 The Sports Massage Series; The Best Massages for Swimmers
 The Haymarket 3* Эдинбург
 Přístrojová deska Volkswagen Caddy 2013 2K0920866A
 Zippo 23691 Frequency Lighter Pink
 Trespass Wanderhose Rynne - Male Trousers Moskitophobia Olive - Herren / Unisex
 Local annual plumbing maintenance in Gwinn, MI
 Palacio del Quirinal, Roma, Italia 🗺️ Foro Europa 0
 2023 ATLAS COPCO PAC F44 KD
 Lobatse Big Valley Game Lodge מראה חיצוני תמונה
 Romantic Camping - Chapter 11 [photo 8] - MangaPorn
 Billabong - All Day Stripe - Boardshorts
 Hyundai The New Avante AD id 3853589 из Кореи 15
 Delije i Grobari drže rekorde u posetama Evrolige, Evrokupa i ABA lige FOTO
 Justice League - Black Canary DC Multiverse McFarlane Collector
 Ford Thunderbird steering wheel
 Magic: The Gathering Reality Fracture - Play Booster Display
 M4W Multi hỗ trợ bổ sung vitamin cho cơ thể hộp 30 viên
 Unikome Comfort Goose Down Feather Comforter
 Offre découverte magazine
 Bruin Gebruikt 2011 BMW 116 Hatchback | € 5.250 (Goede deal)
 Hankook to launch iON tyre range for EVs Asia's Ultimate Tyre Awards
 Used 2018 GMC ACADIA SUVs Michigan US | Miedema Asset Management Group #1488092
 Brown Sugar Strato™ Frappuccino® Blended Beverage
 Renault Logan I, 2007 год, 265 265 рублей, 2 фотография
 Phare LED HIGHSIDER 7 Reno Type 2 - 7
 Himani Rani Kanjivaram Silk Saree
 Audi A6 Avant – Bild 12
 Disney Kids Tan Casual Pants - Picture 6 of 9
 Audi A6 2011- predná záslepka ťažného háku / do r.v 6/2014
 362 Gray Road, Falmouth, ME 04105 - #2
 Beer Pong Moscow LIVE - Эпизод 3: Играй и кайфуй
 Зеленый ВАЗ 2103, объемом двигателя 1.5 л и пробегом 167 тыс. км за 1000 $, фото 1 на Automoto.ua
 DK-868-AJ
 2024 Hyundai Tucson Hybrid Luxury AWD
===============
### EXERCISE INSTRUCTIONS
For each line in the entries that holds "Hyundai", return that line.

### ANSWER SPACE
 Hyundai The New Avante AD id 3853589 из Кореи 15
 2024 Hyundai Tucson Hybrid Luxury AWD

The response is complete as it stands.